(Saved data entries)

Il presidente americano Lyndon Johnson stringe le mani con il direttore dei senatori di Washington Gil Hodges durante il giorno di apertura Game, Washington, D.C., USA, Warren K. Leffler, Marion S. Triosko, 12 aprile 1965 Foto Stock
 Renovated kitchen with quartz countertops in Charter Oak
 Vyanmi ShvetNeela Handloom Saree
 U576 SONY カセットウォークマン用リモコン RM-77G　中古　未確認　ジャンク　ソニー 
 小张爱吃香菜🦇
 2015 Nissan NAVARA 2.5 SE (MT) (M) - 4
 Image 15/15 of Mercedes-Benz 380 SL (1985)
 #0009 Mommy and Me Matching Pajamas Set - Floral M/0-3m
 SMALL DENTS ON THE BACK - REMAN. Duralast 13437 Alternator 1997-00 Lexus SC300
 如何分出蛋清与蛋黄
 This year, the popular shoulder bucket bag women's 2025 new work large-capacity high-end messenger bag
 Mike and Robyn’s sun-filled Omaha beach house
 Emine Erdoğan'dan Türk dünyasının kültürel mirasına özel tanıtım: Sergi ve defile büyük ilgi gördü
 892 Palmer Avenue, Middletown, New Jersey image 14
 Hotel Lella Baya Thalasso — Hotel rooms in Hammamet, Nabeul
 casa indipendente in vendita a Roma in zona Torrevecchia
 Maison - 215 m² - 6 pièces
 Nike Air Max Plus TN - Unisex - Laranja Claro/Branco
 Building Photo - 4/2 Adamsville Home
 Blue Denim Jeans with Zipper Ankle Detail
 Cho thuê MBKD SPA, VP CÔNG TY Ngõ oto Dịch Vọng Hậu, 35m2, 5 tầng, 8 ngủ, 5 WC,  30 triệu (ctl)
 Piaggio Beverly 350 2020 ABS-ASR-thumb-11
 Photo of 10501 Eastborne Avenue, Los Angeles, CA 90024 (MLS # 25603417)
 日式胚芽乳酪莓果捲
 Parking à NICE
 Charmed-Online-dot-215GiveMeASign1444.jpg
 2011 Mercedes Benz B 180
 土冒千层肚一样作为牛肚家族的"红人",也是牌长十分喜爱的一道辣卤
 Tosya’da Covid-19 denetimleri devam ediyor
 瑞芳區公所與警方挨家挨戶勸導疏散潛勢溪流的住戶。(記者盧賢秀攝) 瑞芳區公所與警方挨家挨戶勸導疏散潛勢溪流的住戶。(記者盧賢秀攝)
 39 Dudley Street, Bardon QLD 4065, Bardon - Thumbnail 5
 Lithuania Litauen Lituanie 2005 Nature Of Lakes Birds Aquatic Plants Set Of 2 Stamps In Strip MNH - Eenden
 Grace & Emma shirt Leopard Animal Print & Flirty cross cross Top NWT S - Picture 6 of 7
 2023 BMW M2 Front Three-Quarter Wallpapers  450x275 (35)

**WHAT YOU NEED TO DO:**
The number of lines above where the word "Photo" occurs, and only that number, is the answer.

**SOLUTION:**
2